In the rectangular coordinate system, are the points (a, b) and (c, d) equidistant from the origin?

Distance between the point A (x,y) and the origin can be found by the formula: \(D=\sqrt{x^2+y^2}\).

So we are asked whether \(\sqrt{a^2+b^2}=\sqrt{c^2+d^2}\)? Or whether \(a^2+b^2=c^2+d^2\)?

(1) \(\frac{a}{b}=\frac{c}{d}\) --> \(a=cx\) and \(b=dx\), for some non-zero \(x\). Not sufficient.

(2) \(\sqrt{a^2}+\sqrt{b^2}=\sqrt{c^2} +\sqrt{d^2}\) --> \(|a|+|b|=|c|+|d|\). Not sufficient.
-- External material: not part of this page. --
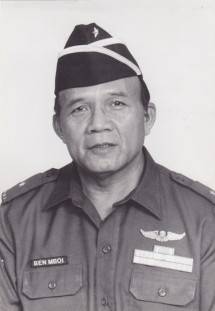 Aloysius Benedictus Mboi (22 Mei 1935 &ndash; 23 Juni 2015)[1] adalah Gubernur NTT (Nusa Tenggara Timur) untuk periode 1978-1988. Ia menjadi Gubernur NTT menggantikan El Tari. Dokter lulusan Universitas Indonesia ini mengawali karier di dua bidang, bidang kesehatan dan militer yang dijalani dalam waktu yang bersamaan. Ia tercatat pernah ikut dalam Operasi Naga bagian dari Operasi Trikora.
(1)+(2) From (1) \(a=cx\) and \(b=dx\), substitute this in (2): \(|cx|+|dx|=|c|+|d|\) --> \(|x|(|c|+|d|)=|c|+|d|\) --> \(|x|=1\) (another solution \(|c|+|d|=0\) is not possible as \(d\) in (1) given in denominator and can not be zero, so \(d\neq{0}\) --> \(|c|+|d|>0\)) --> now, as \(|x|=1\) and \(a=cx\) and \(b=dx\), then \(|a|=|c|\) and \(|b|=|d|\) --> square this equations: \(a^2=c^2\) and \(b^2=d^2\) --> add them: \(a^2+b^2=c^2+d^2\). Sufficient.

Answer: C.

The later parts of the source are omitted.